◆ What is needed
In your copy, include every line of the records exactly and no picture at all.

= = = = =

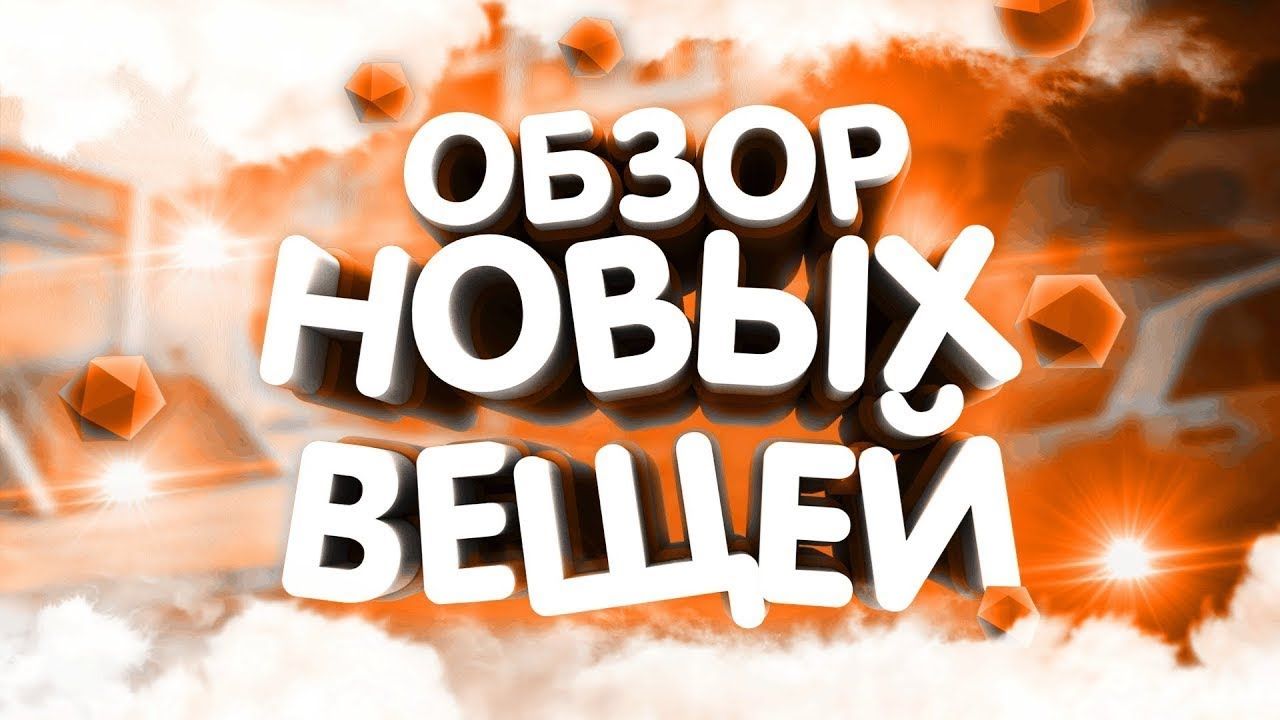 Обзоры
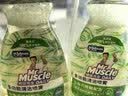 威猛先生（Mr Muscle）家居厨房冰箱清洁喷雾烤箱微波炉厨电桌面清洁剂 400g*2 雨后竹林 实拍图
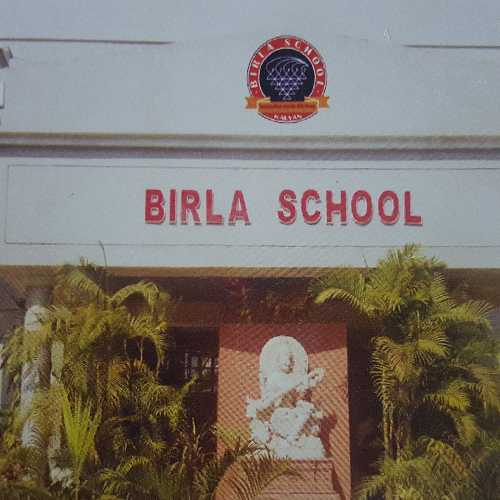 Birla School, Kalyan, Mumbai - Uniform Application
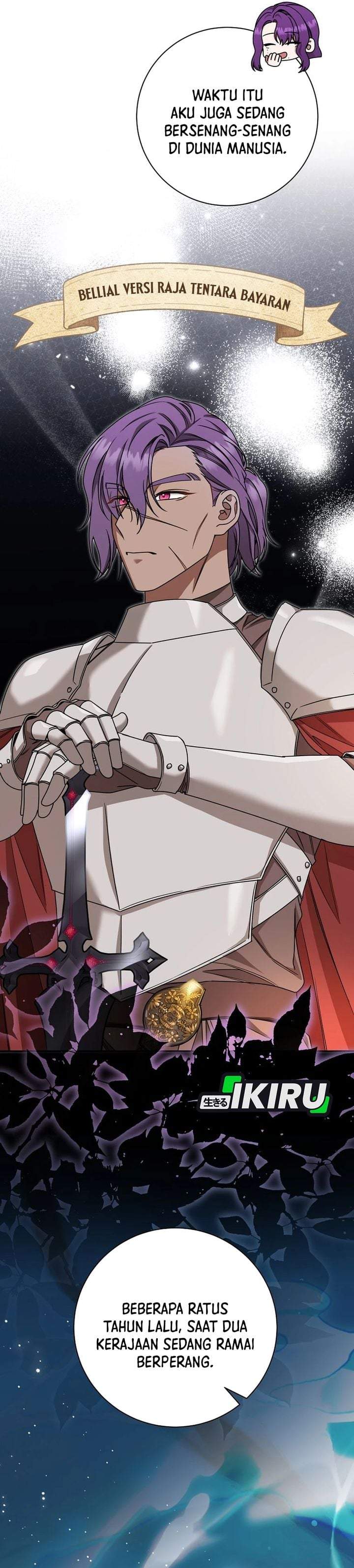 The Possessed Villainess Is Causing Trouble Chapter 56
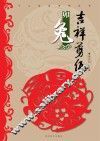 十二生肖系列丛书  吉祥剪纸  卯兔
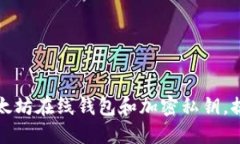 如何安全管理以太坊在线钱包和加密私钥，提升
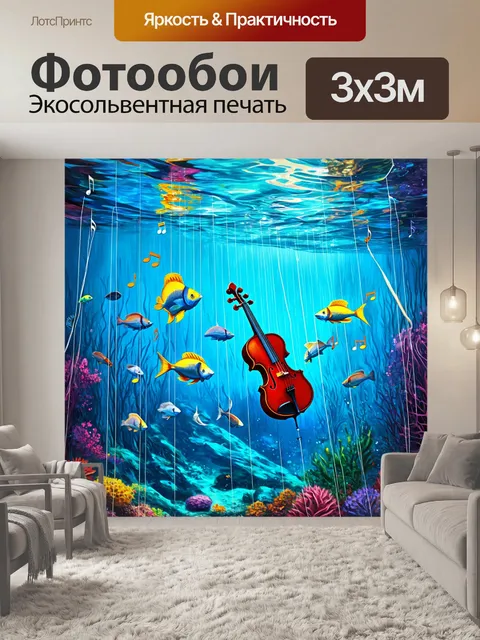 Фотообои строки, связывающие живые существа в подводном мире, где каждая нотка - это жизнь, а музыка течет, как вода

= = = = =

◆ Solution to this exercise
 Обзоры
 威猛先生（Mr Muscle）家居厨房冰箱清洁喷雾烤箱微波炉厨电桌面清洁剂 400g*2 雨后竹林 实拍图
 Birla School, Kalyan, Mumbai - Uniform Application
 The Possessed Villainess Is Causing Trouble Chapter 56
 十二生肖系列丛书  吉祥剪纸  卯兔
 如何安全管理以太坊在线钱包和加密私钥，提升
 Фотообои строки, связывающие живые существа в подводном мире, где каждая нотка - это жизнь, а музыка течет, как вода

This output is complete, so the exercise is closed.